2017-00682 DECISION & ORDER
Robert Valenti, appellant, v John J. Gadomski, etc.,
et al., respondents.
(Index No. 150116/12)
Law Firm of Ravi Batra, P.C., New York, NY (Todd B. Sherman of counsel), for
appellant.
Marshall Dennehey Warner Coleman & Goggin, P.C., Purchase, NY (James P.

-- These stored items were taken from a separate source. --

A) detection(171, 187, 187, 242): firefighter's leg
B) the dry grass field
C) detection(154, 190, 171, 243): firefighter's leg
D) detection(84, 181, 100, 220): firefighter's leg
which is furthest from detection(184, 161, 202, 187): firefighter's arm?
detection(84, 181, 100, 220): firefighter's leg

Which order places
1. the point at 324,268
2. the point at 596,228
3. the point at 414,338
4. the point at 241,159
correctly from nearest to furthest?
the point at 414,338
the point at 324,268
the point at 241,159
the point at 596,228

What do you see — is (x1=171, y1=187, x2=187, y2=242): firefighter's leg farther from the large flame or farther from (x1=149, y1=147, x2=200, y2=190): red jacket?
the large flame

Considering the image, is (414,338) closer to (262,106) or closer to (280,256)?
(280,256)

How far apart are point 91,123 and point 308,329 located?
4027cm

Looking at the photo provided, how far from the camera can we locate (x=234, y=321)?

Connors, John J.Hare, and Shane Haselbarth of counsel), for respondent John J.
Gadomski.
Keller O'Reilly & Watson, P.C., Woodbury, NY (Angela A. Cutone and Scott
Watson of counsel), for respondent Shimon Oami.
Amabile & Erman, P.C., Staten Island, NY (Shari D. Steinfeld of counsel), for
respondents Patricia C. McCormack, Patricia C. McCormack, M.D., PLLC, and
Patricia C.McCormack, M.D., P.C.
In an action to recover damages for medical malpractice, the plaintiff appeals from
a corrected judgment of the Supreme Court, Richmond County (Philip G. Minardo, J.), entered May
16, 2017. The corrected judgment, insofar as appealed from, in effect, upon an order of the same
court (Charles M. Troia, J.) dated December 28, 2015, denying the motion of the defendant John J.
Gadomski for summary judgment dismissing the amended complaint insofar as asserted against him,
and upon a jury verdict in favor of the defendants John J. Gadomski, Shimon Oami, Patricia C.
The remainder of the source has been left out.